By Zoë McWhinney and Jemina Napier

On behalf of the whole Translating the Deaf Self project team

Click here to see a BSL version of the blog presented by Zoë.

As you may have seen in the earlier blogpost in March 2016, members of the Centre for Translation & Interpreting Studies Scotland at Heriot-Watt University (Jemina Napier and Robert Skinner) are working in collaboration with researchers from the Social Research with Deaf People (SORD) group at the University of Manchester (Alys Young and Rosemary Oram) on an 18-month interdisciplinary project funded through the Arts & Humanities Research Council (AHRC) Translating Cultures Research Innovation Grant. Information about the project can be found here, and a summary of the project presented in BSL by Jemina Napier and Rosemary Oram as part of the EdSign lecture series can be seen here.

 Research intern

As mentioned in the March blogpost, the AHRC is keen to support the capacity building of young researchers, so Zoë McWhinney began her 20 day research internship with Heriot-Watt University at the beginning of June 2016 – spending two weeks on campus at Heriot-Watt University and then will be carrying out the rest of her internship by distance until the end of the project in October 2016. Zoë was involved in supporting the final Stakeholder Advisory Group meeting in June 2016, and is involved in various tasks for the remainder of the project (including drafting and translating this blogpost!).

Data collection

Our research focuses on what it is like for Deaf sign language users to be known largely through translation. The Deaf experience of being constantly interpreted is markedly in contrast to the general hearing population’s experience, even that of other linguistic and ethnic minorities.  This experience often leads to an asymmetry of the ‘power dynamics’ and consequently the opportunities available to Deaf person in non-signing, hearing- dominated spaces. Some Deaf people’s well being may be adversely affected by the stresses created in such a situation – an area of exploration in this research project.

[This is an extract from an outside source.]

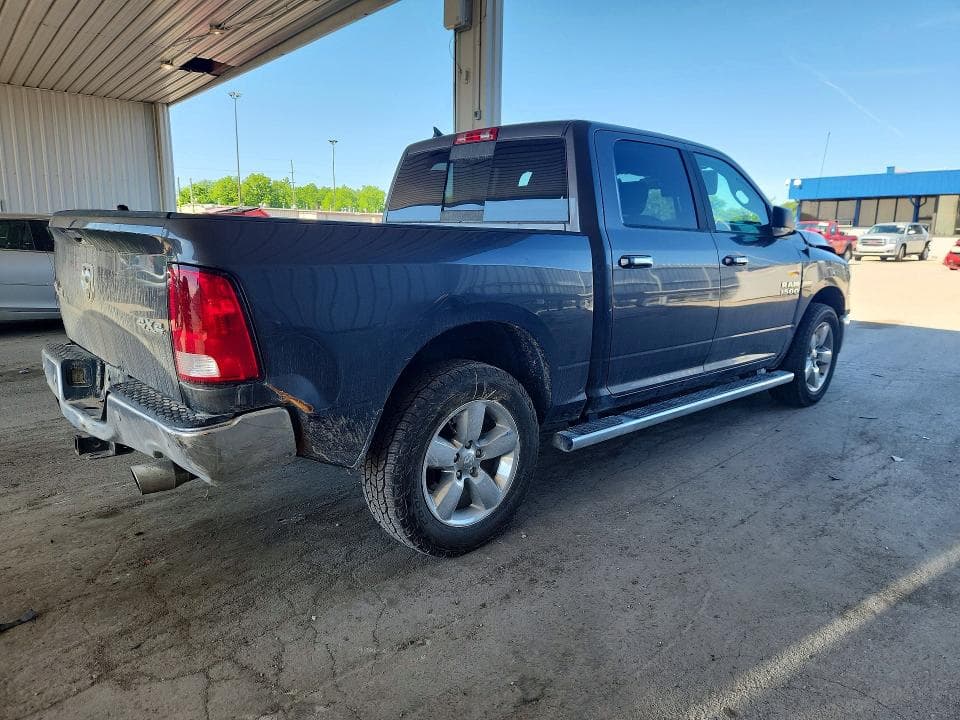 2018 RAM 1500 SLT 3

During the project, we have completed the following data collection:

  • 3 parents of Deaf children participated in telephone interviews in spoken English
  • 2 x focus groups were held with qualified sign language interpreters (7 interpreters in total) in spoken English
  • 8 hearing colleagues of Deaf BSL users participated in face-to-face interviews in spoken English
  • 3 Deaf BSL users who choose to speak sometimes in their professional work contexts participated in face-to-face interviews in BSL. We have coined the term ‘Deaf Contextual Speakers’ to explain how these Deaf BSL users sometimes use speech, even though they identify as BSL users.
  • 2 x Community Participatory Groups were held in BSL with Deaf community members (7 in total). Each of the 2 sessions lasted for 2.5 to 3 hours and also had some activities to allow space for open discussions. The participants in this group were most responsive when watching and commenting on clips of scenarios with examples of Deaf and hearing people’s communication being interpreted by an interpreter.
  • 5 x simulated recall interviews were held with Deaf professionals in BSL after one of the research team had filmed them in a real situation with interpreters. Originally we had planned to test the use of Think-Aloud Protocol (TAP) as a methodology (where people comment on what they are seeing while they are doing a task), but due to the complex circumstances and the reality of the participants being BSL users accompanied by interpreters in person, we adapted the approach to a ‘simulated recall (SR) interview’. The SR interviews involved participants being shown a video of themselves interacting with hearing persons via an interpreter and asking them questions about their experience of being interpreted based on what they could see in the video.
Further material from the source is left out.